We can have two kinds of caches in our system. To deal with hot files/chunks we can introduce a cache for Block storage. We can use an off-the-shelf solution like Memcached that can store whole chunks with its respective IDs/Hashes and Block servers before hitting Block storage can quickly check if the cache has desired chunk. Based on clients’ usage pattern we can determine how many cache servers we need. A high-end commercial server can have 144GB of memory; one such server can cache 36K chunks.

Which cache replacement policy would best fit our needs? When the cache is full, and we want to replace a chunk with a newer/hotter chunk, how would we choose? Least Recently Used (LRU) can be a reasonable policy for our system. Under this policy, we discard the least recently used chunk first. Load Similarly, we can have a cache for Metadata DB.

11. Load Balancer (LB)

We can add the Load balancing layer at two places in our system: 1) Between Clients and Block servers and 2) Between Clients and Metadata servers. Initially, a simple Round Robin approach can be adopted that distributes incoming requests equally among backend servers. This LB is simple to implement and does not introduce any overhead. Another benefit of this approach is if a server is dead, LB will take it out of the rotation and will stop sending any traffic to it. A problem with Round Robin LB is, it won’t take server load into consideration. If a server is overloaded or slow, the LB will not stop sending new requests to that server. To handle this, a more intelligent LB solution can be placed that periodically queries backend server about their load and adjusts traffic based on that.

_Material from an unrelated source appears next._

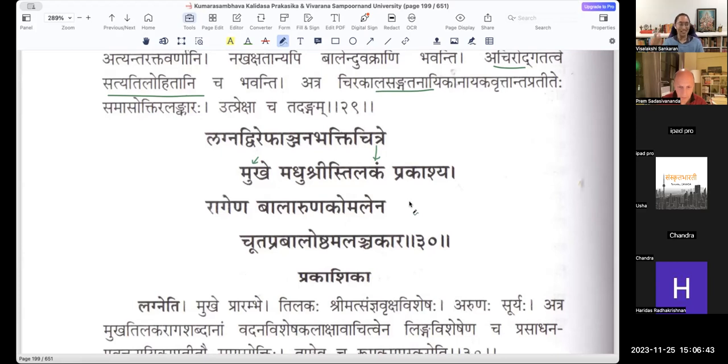That Anjanam is not a real Anjanam here — it is Lagna Dvirephan. The bees that are all present during this Madhumasa, during the spring season, are so dark in color that they resemble the Kajal that women wear on their eyes, and they make designs with it. Bhakti here means wearing a design which is very beautiful — Chitram, different types of designs on her face.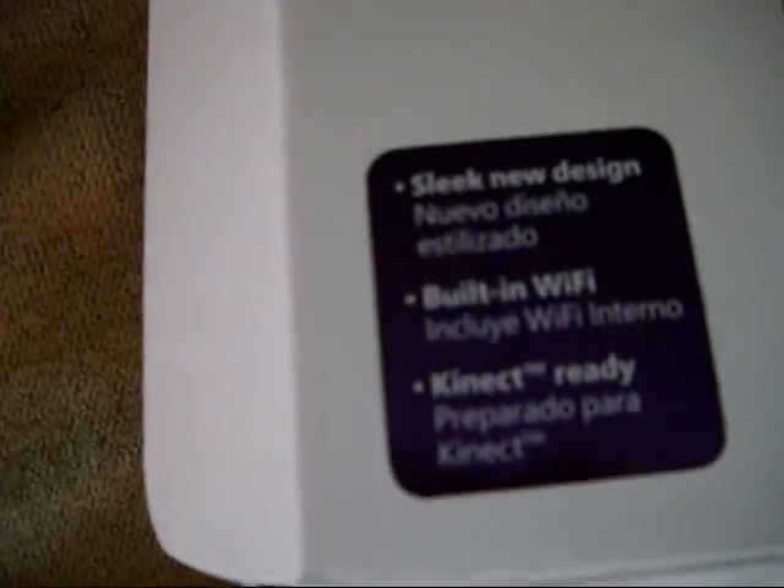So, to summarize: smaller power unit, Kinect ready, 250 gigabyte hard drive, built-in WiFi, and Kinect ready — basically a whole bundle. Let me just get this connected and I'll continue.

12. Security, Permissions and File Sharing

One of the primary concerns users will have while storing their files in the cloud is the privacy and security of their data, especially since in our system users can share their files with other users or even make them public to share it with everyone. To handle this, we will be storing the permissions of each file in our metadata DB to reflect what files are visible or modifiable by any user.